According to the rules passed Wednesday, subject to requirements to report “material” Scope 1 and Scope 2 emissions, assuming they are not otherwise exempted, are large accelerated filers and accelerated filers, which are filing categories determined by the value of stock in the hands of public investors. The original text of the rule would have required more companies to report their GHG emissions; a recent estimate by Ideagen indicates there could be more companies excluded than included, based on their analysis of audits of public companies.
“The SEC’s groundbreaking ruling is a historic step towards corporate transparency, mandating U.S.-listed companies to disclose climate-related risks, emissions and environmental strategies,” said William Theisen, CEO of EcoAct North America, a climate consultancy. “While this marks a significant milestone, the omission of mandatory Scope 3 emissions reporting is a disappointment, as this critical component in the climate puzzle remains voluntary.”
Scope 3 emissions, or indirect upstream and downstream greenhouse gas emissions, are estimated to account for as much as 95% of companies’ carbon impact.
Many observers had speculated that the agency’s plan to delay its vote to 2024 would allow it to align with new rules in the European Union and California, both of which require Scope 3 GHG emissions reporting. (California’s new law has since been hit with a lawsuit, though it remains in effect as of this writing.)

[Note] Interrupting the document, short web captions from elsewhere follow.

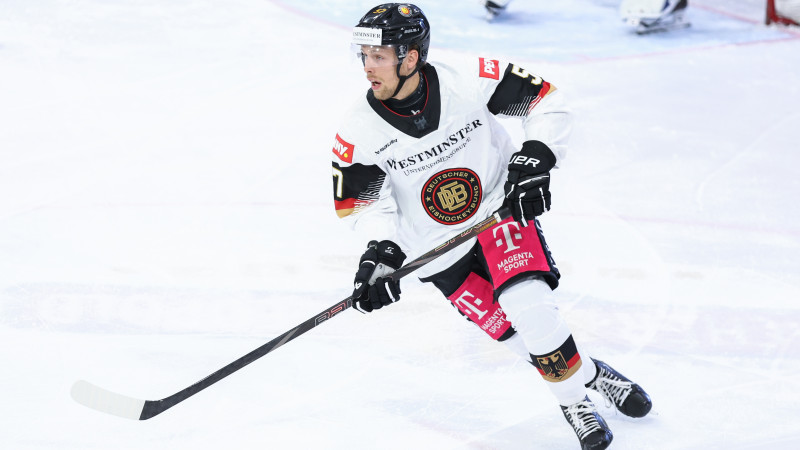 <a href='/de/daten/news/eishockey/eishockey/' class='tag'>Eishockey</a>-WM 2025: Tabelle der Gruppe B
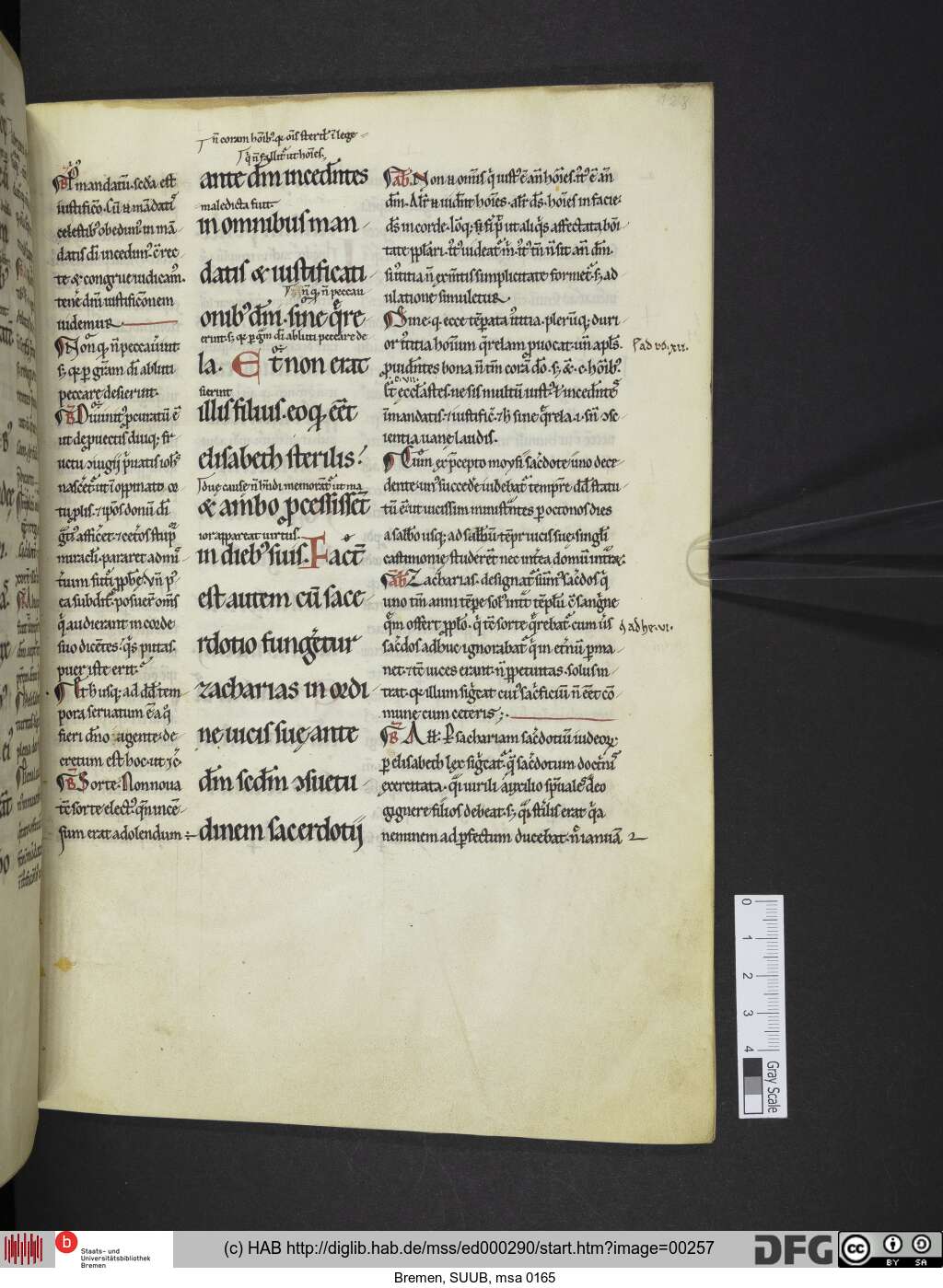 http://diglib.hab.de/mss/ed000290/00257.jpg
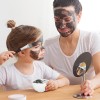 Tazones Silicona Mascarillas Faciales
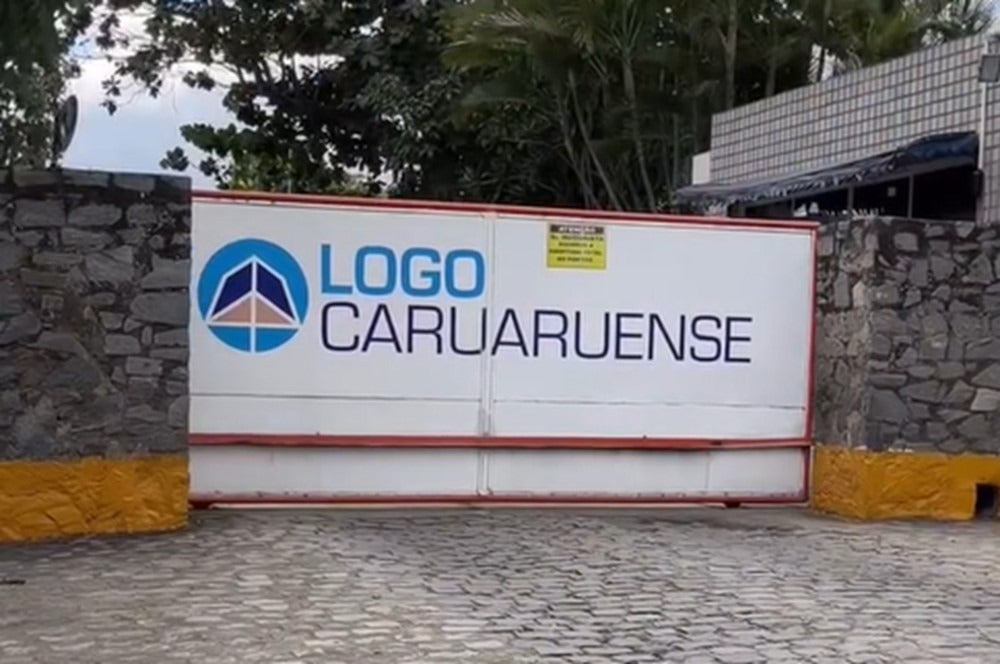 Progresso assume linhas de ônibus da empresa do pai da governadora Raquel Lyra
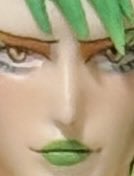 sabulecake's tweet image. チャイちゃんのフィギュア出来たので明日プロに撮影して頂きますよ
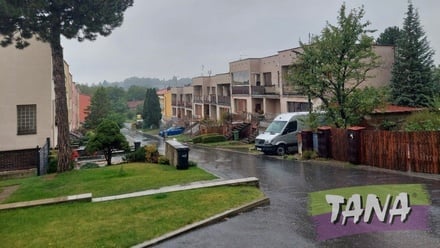 Prodej rodinného domu 160 m², Herálec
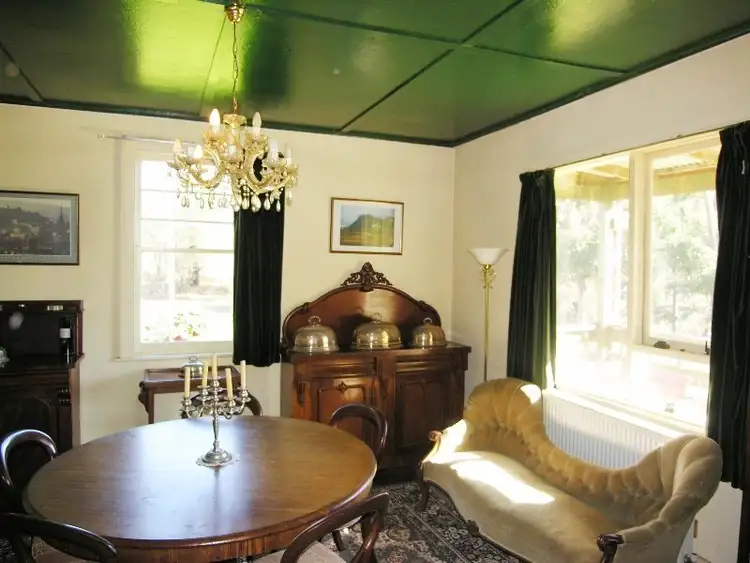 Fourth view of Homely house listing, 68 O'Hallorans Road, Geeveston TAS 7116
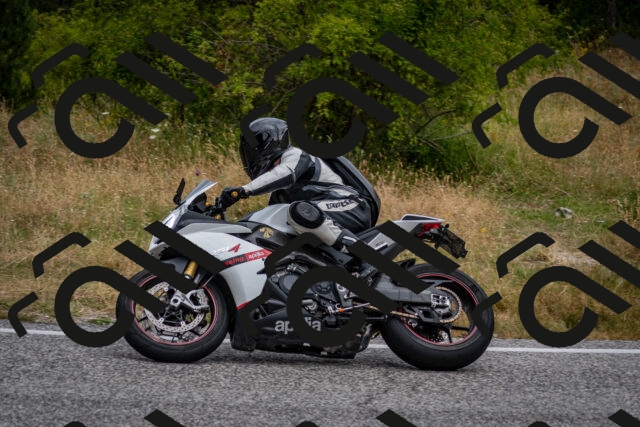 202507131128-DSC_7859_c2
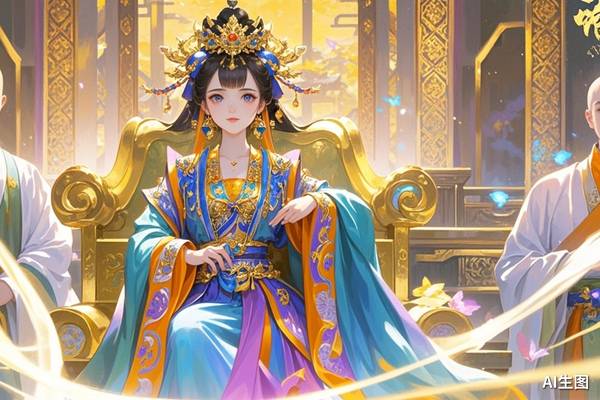 金年会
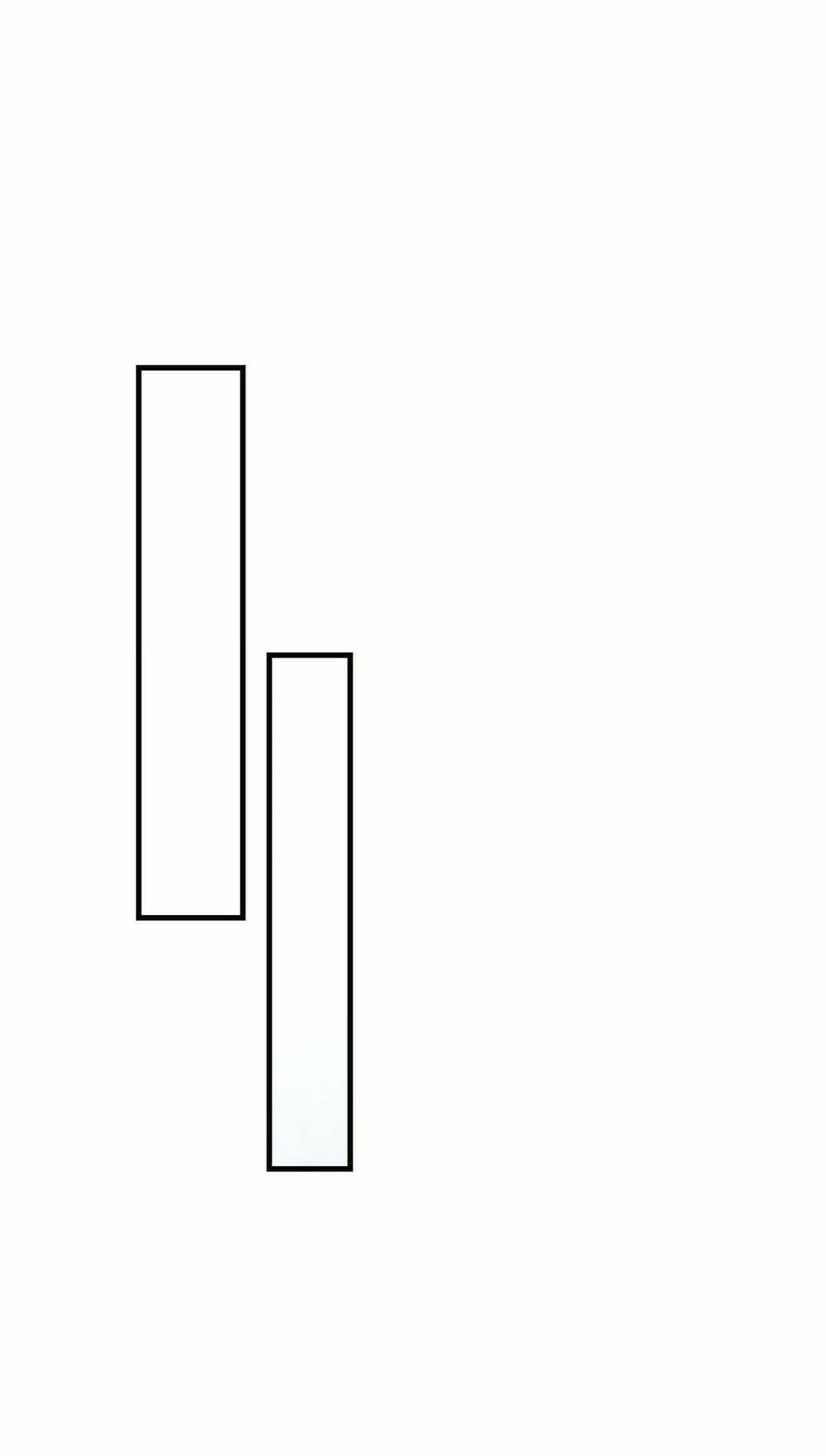 tình địch quái gở lại tăng thêm rồi chapter 33 1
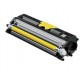 Toner Laserjet kompatibël me ngjyra e ndertuar e re, e garantuar për Konica Minolta e verdhë 1600Y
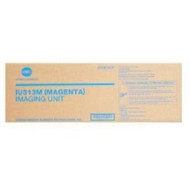 Блок формирования изображений Konica Minolta IU-313M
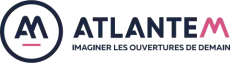 Logo d'Atlantem 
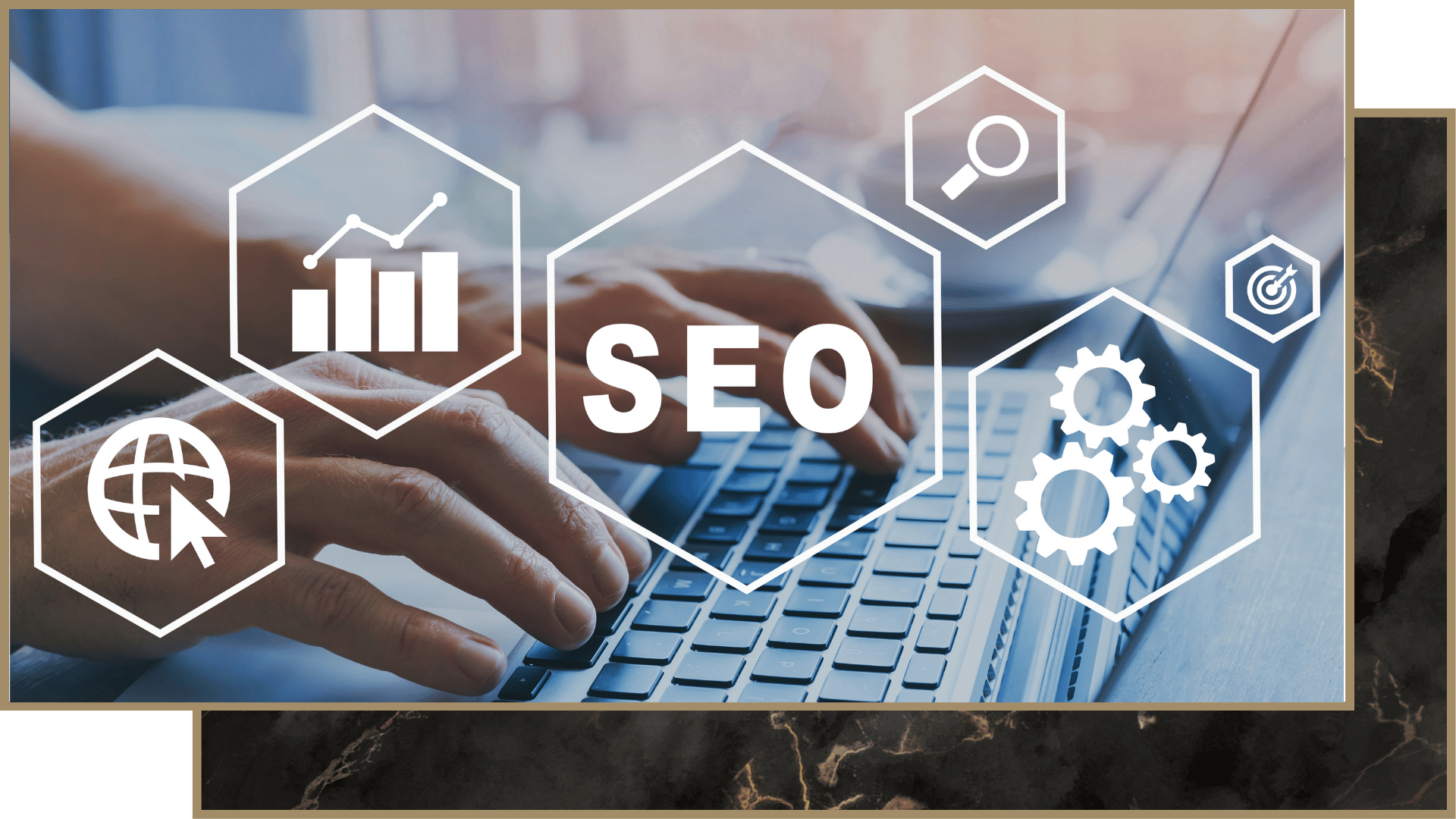 seo reluxity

“California and the European Union’s CSRD still have Scope 3 reporting included, and while the timeline is longer, the need to prepare is still looming and will be growing steadily in the coming years,” said Mallory Thomas, a partner at Baker Tilly. “Other states, like New York and Illinois, have also followed suit. We expect to see more states impose their own regulations that will apply to both private and public companies.”
In addition to other regulatory regimes that may require Scope 3 emissions reporting, the question of materiality will demand a company’s attention to its downstream emissions, said Venable partner Adrienne Gurley, a former senior SEC counsel.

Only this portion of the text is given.